[Task goal]
The response should consist of the data below, copied exactly, with no pictures in it.

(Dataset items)
'''
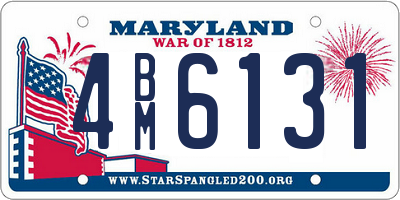 MD license plate 4BM6131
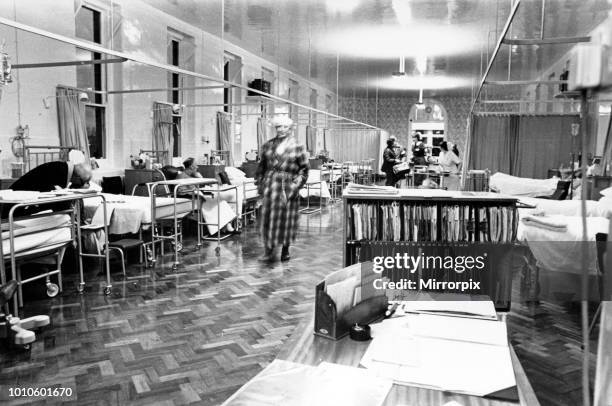 Royal Victoria Infirmary Hospital, Newcastle. Circa 1979.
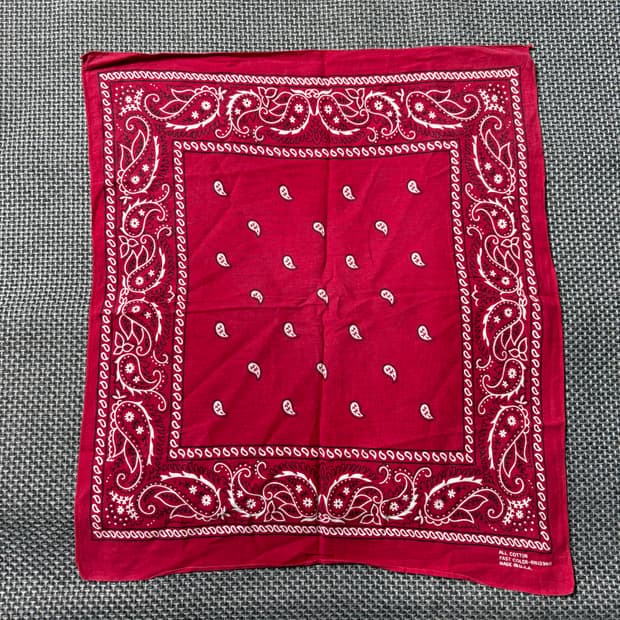 빈티지 usa 반다나 패스트 컬러 (old-8613)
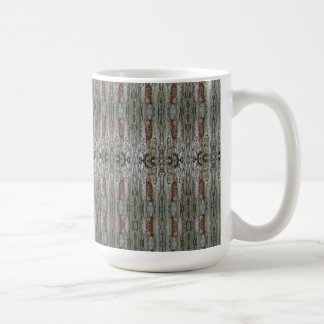 Segrande Träd Barkmönster Kaffemugg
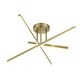 preview thumbnail 14 of 20, Modern Metal Linear Sputnik LED 15.6" Strip Light Semi-Flush Mount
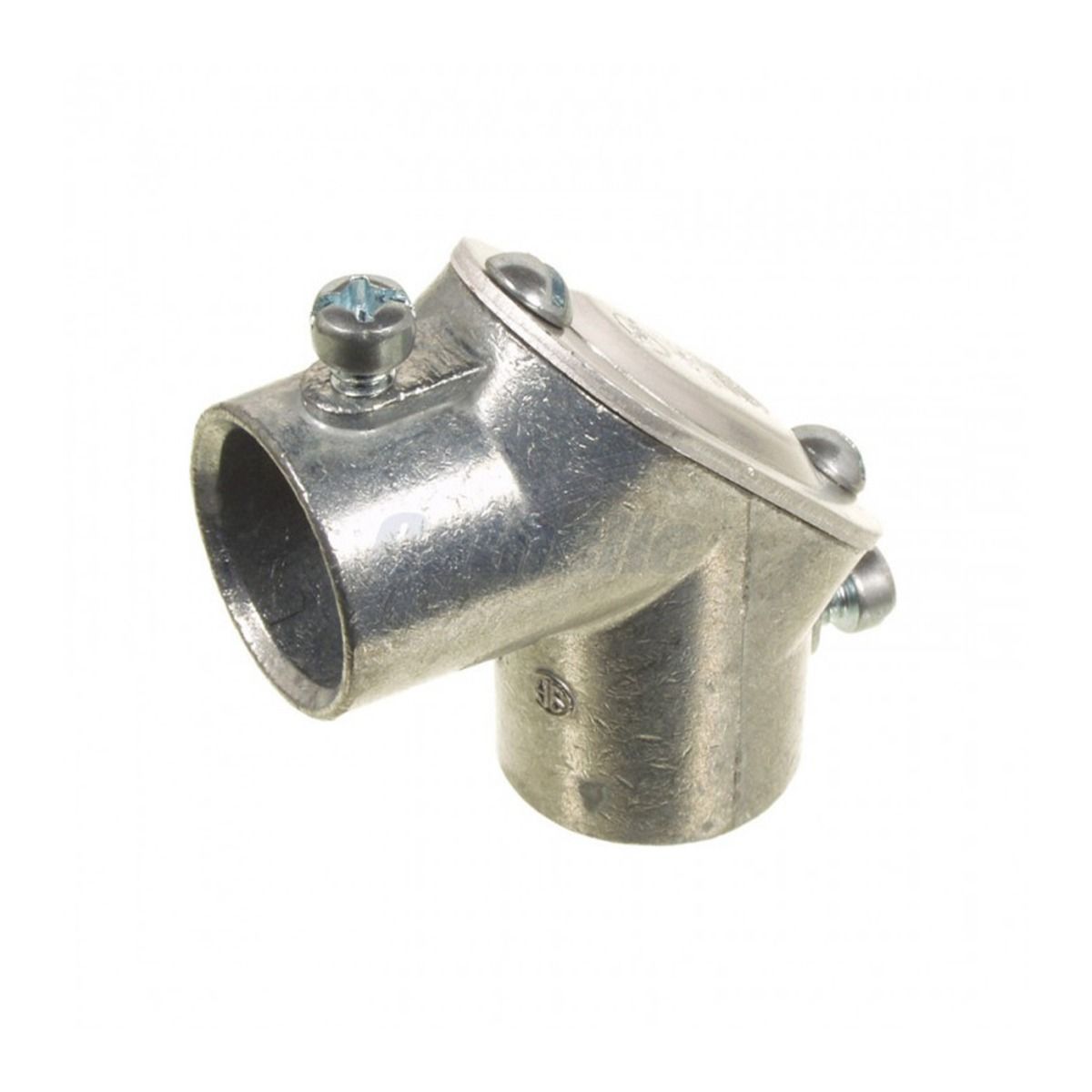 Coude à 2 vis pour tuyau d'acier 3/4 po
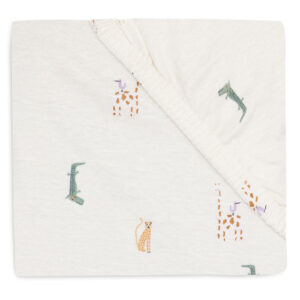 Jollein hoeslaken wieg 40x80/50x90 - jungle jambo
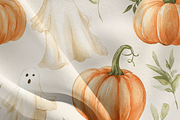 Cute Halloween Seamless Pattern, a Pattern Graphic by Pati Charm Studio (Thumbnail 7 of 7)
'''
[Finished exercise]
 MD license plate 4BM6131
 Royal Victoria Infirmary Hospital, Newcastle. Circa 1979.
 빈티지 usa 반다나 패스트 컬러 (old-8613)
 Segrande Träd Barkmönster Kaffemugg
 preview thumbnail 14 of 20, Modern Metal Linear Sputnik LED 15.6" Strip Light Semi-Flush Mount
 Coude à 2 vis pour tuyau d'acier 3/4 po
 Jollein hoeslaken wieg 40x80/50x90 - jungle jambo
 Cute Halloween Seamless Pattern, a Pattern Graphic by Pati Charm Studio (Thumbnail 7 of 7)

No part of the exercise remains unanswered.